__Your assignment__.
With both ends included, repeat exactly the lines of the entries below from the one containing "على الرغم من" down to the one containing "YouTube paye cher", and no others.

[Data entries]
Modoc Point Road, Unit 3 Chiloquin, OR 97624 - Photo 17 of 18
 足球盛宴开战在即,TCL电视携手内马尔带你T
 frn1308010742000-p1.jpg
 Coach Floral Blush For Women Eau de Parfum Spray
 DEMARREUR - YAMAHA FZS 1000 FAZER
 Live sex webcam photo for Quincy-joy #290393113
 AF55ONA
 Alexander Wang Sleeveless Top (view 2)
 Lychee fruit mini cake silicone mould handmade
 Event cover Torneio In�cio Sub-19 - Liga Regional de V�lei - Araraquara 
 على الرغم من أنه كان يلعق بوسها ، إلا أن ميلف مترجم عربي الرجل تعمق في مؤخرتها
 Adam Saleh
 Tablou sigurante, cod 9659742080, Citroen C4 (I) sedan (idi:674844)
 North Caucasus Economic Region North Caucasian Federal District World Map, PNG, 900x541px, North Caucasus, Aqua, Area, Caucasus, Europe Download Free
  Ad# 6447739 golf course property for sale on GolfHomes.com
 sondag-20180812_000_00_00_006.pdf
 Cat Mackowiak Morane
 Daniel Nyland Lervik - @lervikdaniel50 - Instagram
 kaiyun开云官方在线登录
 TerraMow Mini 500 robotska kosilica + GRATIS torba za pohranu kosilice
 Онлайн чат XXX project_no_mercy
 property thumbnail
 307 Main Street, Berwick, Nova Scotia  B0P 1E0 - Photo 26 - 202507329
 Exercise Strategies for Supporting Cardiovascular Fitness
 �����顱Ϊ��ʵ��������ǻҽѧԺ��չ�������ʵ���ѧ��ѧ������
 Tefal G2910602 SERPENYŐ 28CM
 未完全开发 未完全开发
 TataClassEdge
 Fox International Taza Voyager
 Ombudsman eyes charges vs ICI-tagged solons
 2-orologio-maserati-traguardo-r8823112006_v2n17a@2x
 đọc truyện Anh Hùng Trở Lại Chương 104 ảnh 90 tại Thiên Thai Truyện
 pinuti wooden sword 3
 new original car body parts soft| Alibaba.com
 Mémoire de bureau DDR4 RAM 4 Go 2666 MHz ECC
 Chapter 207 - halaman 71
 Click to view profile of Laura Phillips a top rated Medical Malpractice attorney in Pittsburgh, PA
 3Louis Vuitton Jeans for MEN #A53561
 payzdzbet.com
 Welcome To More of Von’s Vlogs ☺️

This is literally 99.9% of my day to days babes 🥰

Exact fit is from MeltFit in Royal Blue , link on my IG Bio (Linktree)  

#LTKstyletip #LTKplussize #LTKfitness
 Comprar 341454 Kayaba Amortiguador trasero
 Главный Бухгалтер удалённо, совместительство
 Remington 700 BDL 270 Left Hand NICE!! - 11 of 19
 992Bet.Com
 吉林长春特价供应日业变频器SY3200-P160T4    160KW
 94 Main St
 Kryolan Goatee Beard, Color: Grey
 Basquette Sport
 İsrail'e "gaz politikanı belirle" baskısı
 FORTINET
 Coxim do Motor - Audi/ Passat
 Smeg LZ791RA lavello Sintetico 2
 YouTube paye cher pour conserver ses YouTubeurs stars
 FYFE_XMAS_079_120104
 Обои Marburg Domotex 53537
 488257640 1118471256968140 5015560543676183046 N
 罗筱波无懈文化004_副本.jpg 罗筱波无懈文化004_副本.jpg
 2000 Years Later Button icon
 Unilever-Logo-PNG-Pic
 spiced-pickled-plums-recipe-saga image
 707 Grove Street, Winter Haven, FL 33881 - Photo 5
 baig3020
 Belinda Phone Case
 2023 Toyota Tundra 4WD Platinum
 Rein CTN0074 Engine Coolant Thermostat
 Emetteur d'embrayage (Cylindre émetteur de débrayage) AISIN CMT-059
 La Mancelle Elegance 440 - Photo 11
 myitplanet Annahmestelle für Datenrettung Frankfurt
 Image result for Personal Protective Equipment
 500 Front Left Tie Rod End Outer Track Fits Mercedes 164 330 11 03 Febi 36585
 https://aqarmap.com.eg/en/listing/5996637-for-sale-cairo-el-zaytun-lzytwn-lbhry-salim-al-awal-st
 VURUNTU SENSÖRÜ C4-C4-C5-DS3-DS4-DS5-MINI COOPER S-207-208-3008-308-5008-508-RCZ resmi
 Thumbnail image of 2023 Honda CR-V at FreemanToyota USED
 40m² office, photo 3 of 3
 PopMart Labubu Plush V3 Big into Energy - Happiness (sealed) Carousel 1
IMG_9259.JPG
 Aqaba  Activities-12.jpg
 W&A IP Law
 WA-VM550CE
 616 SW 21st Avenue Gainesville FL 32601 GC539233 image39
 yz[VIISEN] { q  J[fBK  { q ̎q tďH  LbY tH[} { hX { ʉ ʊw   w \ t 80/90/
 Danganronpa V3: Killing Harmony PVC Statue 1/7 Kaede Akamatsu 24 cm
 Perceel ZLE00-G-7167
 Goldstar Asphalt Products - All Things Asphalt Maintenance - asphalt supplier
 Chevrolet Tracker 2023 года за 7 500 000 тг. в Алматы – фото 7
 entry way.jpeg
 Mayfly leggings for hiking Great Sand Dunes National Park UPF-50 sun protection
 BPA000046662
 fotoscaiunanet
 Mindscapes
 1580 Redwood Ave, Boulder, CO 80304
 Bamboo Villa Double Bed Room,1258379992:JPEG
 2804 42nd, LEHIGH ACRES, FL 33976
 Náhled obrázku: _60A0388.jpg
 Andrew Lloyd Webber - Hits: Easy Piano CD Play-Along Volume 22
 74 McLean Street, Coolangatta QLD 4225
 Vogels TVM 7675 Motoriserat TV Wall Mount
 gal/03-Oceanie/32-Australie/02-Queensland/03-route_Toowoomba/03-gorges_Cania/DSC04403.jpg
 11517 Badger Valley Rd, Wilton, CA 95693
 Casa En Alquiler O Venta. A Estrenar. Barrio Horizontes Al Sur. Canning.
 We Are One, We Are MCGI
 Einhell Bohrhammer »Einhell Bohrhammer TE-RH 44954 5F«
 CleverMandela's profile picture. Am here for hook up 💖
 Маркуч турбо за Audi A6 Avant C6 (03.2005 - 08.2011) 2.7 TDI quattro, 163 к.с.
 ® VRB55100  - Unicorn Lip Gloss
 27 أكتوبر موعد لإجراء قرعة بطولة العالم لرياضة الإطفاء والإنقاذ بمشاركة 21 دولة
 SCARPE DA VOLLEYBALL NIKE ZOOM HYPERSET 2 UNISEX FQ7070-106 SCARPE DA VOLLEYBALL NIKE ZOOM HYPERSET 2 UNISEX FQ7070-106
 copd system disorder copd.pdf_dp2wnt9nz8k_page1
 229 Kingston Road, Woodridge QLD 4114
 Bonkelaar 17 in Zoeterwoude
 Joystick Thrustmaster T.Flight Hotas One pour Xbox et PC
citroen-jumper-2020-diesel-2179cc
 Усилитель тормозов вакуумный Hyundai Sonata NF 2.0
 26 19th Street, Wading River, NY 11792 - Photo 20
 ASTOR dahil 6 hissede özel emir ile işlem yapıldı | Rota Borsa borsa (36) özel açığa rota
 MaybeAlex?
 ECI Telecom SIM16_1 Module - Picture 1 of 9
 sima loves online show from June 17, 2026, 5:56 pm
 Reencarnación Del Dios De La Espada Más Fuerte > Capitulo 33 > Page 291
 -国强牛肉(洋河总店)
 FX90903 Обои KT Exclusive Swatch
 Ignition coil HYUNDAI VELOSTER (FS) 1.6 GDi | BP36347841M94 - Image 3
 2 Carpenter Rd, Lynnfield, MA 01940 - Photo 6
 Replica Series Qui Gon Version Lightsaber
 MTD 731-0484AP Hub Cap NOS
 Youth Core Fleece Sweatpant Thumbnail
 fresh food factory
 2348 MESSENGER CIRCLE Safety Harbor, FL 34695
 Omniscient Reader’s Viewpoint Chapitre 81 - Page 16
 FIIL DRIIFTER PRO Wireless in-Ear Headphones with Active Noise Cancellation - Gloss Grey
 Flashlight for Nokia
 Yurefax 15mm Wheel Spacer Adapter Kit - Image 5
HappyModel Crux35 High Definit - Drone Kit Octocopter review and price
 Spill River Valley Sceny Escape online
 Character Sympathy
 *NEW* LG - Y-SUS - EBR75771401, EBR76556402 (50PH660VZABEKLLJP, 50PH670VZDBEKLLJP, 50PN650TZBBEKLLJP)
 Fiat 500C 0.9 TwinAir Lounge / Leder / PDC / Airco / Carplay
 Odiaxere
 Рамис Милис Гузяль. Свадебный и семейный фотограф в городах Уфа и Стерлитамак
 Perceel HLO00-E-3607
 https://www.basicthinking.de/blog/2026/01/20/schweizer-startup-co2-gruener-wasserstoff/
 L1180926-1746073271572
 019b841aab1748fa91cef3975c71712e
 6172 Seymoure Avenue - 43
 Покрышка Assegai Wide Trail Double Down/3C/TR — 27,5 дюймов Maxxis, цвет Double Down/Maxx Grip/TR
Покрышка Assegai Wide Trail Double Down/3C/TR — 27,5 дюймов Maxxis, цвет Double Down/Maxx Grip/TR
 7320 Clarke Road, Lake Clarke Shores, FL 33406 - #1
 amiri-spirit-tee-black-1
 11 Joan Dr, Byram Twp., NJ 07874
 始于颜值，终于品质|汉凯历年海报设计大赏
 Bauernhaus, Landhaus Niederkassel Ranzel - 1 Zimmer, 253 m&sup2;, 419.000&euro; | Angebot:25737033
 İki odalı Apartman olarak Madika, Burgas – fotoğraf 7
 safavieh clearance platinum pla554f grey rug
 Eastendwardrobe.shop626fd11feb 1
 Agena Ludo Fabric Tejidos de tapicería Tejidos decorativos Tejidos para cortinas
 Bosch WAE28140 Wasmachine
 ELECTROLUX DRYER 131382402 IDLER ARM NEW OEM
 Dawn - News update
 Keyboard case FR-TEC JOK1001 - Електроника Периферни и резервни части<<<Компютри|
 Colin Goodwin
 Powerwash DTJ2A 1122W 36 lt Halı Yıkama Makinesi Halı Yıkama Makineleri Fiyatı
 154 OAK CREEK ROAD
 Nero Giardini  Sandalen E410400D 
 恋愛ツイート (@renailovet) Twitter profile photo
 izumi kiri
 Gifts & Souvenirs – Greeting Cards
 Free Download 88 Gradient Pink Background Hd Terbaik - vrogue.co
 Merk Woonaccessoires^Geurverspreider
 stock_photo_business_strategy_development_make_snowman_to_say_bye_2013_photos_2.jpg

__Expected answer__.
 على الرغم من أنه كان يلعق بوسها ، إلا أن ميلف مترجم عربي الرجل تعمق في مؤخرتها
 Adam Saleh
 Tablou sigurante, cod 9659742080, Citroen C4 (I) sedan (idi:674844)
 North Caucasus Economic Region North Caucasian Federal District World Map, PNG, 900x541px, North Caucasus, Aqua, Area, Caucasus, Europe Download Free
  Ad# 6447739 golf course property for sale on GolfHomes.com
 sondag-20180812_000_00_00_006.pdf
 Cat Mackowiak Morane
 Daniel Nyland Lervik - @lervikdaniel50 - Instagram
 kaiyun开云官方在线登录
 TerraMow Mini 500 robotska kosilica + GRATIS torba za pohranu kosilice
 Онлайн чат XXX project_no_mercy
 property thumbnail
 307 Main Street, Berwick, Nova Scotia  B0P 1E0 - Photo 26 - 202507329
 Exercise Strategies for Supporting Cardiovascular Fitness
 �����顱Ϊ��ʵ��������ǻҽѧԺ��չ�������ʵ���ѧ��ѧ������
 Tefal G2910602 SERPENYŐ 28CM
 未完全开发 未完全开发
 TataClassEdge
 Fox International Taza Voyager
 Ombudsman eyes charges vs ICI-tagged solons
 2-orologio-maserati-traguardo-r8823112006_v2n17a@2x
 đọc truyện Anh Hùng Trở Lại Chương 104 ảnh 90 tại Thiên Thai Truyện
 pinuti wooden sword 3
 new original car body parts soft| Alibaba.com
 Mémoire de bureau DDR4 RAM 4 Go 2666 MHz ECC
 Chapter 207 - halaman 71
 Click to view profile of Laura Phillips a top rated Medical Malpractice attorney in Pittsburgh, PA
 3Louis Vuitton Jeans for MEN #A53561
 payzdzbet.com
 Welcome To More of Von’s Vlogs ☺️

This is literally 99.9% of my day to days babes 🥰

Exact fit is from MeltFit in Royal Blue , link on my IG Bio (Linktree)  

#LTKstyletip #LTKplussize #LTKfitness
 Comprar 341454 Kayaba Amortiguador trasero
 Главный Бухгалтер удалённо, совместительство
 Remington 700 BDL 270 Left Hand NICE!! - 11 of 19
 992Bet.Com
 吉林长春特价供应日业变频器SY3200-P160T4    160KW
 94 Main St
 Kryolan Goatee Beard, Color: Grey
 Basquette Sport
 İsrail'e "gaz politikanı belirle" baskısı
 FORTINET
 Coxim do Motor - Audi/ Passat
 Smeg LZ791RA lavello Sintetico 2
 YouTube paye cher pour conserver ses YouTubeurs stars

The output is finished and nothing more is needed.